The Kahler cone of M is the subset of H^{1,1}(M, R) consisting of all cohomology classes that can be represented by a Kahler form. Symbolically, it is Kähler cone(M) = { [ω] ∈ H^{1,1}(M, R) | ω is a Kahler form }. This cone is open in H^{1,1}(M, R) and reflects the degree of positivity that the manifold can sustain. The interaction between the Kahler class and the complex structure is central: deforming the complex structure changes H^{1,1}(M, R) and hence the form of the cone, even if some numerical invariants stay constant. In algebraic terms, when [ω] is integral (i.e., lies in the image of H^2(M, Z) inside H^2(M, R)), one can often realize ω as the curvature form of a holomorphic line bundle L with c1(L) = [ω], linking complex geometry to projective embeddings via the Kodaira embedding theorem. See Hodge theory, Kähler cone, Chern class, and Kodaira embedding theorem.

Relation to algebraic geometry and metrics

A central theme in this area is the linkage between Kahler classes and algebraic positivity. If [ω] is integral and represented by a Kahler form, then the corresponding line bundle L has positive curvature, and M can often be embedded into projective space as a projective variety. This connection is encapsulated in results like the Kodaira embedding theorem and the broader dictionary between positivity in algebraic geometry and the existence of Kahler metrics with special properties. See Kodaira embedding theorem and ample line bundle for the algebraic side of the story, and Chern class for the curvature–topology bridge.

On the analytic side, a flagship achievement is the Calabi conjecture, proven by Shing-Tung Yau, which asserts that within a fixed Kahler class, one can solve nonlinear partial differential equations to obtain canonical metrics with prescribed Ricci curvature. In particular: - If c1(M) is negative, there exists a unique Kahler-Einstein metric in the given class. See Kähler–Einstein metric and Calabi conjecture. - If c1(M) = 0, there exist Ricci-flat Kahler metrics in each Kahler class, giving the so-called Calabi–Yau metrics. See Calabi conjecture and Calabi–Yau manifold. - For c1(M) > 0 (the Fano case), existence of Kahler–Einstein metrics depends on stability phenomena and remains a nuanced area of research, with deep links to algebraic geometry. See Fano manifold and Kähler–Einstein metric.

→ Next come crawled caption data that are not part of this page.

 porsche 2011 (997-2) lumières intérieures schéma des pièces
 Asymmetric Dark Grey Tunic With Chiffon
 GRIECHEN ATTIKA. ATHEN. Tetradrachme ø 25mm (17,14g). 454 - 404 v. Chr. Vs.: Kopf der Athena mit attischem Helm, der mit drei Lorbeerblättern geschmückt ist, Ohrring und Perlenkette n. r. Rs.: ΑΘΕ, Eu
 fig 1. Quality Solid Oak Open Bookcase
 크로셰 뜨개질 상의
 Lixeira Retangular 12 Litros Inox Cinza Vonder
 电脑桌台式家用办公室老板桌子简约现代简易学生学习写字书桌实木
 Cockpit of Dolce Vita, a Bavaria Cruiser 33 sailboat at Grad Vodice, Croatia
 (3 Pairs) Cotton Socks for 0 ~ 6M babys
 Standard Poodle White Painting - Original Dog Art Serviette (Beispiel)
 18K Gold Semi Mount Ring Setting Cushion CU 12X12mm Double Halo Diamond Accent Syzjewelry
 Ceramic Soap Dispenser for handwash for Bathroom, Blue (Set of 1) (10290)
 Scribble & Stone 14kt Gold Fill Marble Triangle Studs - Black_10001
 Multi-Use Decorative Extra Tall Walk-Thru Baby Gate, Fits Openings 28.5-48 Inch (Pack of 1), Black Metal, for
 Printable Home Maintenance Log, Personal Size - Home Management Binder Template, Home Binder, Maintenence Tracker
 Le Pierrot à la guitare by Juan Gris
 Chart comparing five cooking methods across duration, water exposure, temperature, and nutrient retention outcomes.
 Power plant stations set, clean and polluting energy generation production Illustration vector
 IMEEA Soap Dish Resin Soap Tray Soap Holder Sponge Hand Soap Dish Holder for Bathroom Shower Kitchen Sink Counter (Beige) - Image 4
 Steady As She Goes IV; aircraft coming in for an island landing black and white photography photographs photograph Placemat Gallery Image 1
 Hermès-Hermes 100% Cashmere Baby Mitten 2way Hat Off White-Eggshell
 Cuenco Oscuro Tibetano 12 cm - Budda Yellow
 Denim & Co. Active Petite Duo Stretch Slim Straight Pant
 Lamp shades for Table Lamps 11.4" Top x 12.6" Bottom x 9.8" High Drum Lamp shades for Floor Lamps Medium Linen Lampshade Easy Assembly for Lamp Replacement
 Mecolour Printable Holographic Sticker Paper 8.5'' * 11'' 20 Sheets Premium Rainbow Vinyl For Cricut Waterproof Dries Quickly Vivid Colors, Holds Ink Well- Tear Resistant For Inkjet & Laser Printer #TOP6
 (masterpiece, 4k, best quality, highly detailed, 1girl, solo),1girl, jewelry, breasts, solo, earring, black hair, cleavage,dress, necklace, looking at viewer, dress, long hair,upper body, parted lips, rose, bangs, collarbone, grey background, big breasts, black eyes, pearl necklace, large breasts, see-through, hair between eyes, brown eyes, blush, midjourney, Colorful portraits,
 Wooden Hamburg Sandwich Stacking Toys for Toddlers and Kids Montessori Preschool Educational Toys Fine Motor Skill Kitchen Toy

These results highlight how the Kahler class governs not just shape and size, but the very curvature and, by extension, the global geometry of the manifold. See Yau's theorem for the definitive existence result in the general Kahler setting.

Examples and implications

  • Complex projective space CP^n with the Fubini–Study form is a classical example where the Kahler class is proportional to the first Chern class of the hyperplane line bundle O(1), making the geometry highly explicit. The associated class sits in the integral cohomology, tying geometry to a concrete projective embedding.

  • Complex tori and hyperkähler manifolds admit rich families of Kahler forms whose classes fill out sizable regions of H^{1,1}(M, R). In these spaces, the Kahler class often serves as a coordinate on moduli spaces of metrics, helping to organize deformations of the geometric structure. See Complex torus and Hyperkähler manifold.

  • Not every complex manifold supports a Kahler metric. There are compact complex manifolds outside the Kahler realm, sometimes called non-Kähler manifolds. The existence or non-existence of Kahler metrics is a foundational question in complex geometry and motivates refined tools to study complex structures that do not admit the classical Kahler condition. See Non-Kähler manifold.

In physics and broader contexts

Kahler geometry is a natural setting for aspects of theoretical physics, especially in supersymmetric theories and in string theory compactifications. The Kahler class plays the role of moduli controlling the sizes of internal dimensions, and the interplay between the topology of M and the family of possible metrics has concrete implications for physical models. See String theory for the broader physics backdrop and Moduli space for the mathematical perspective on parameter spaces of geometric structures.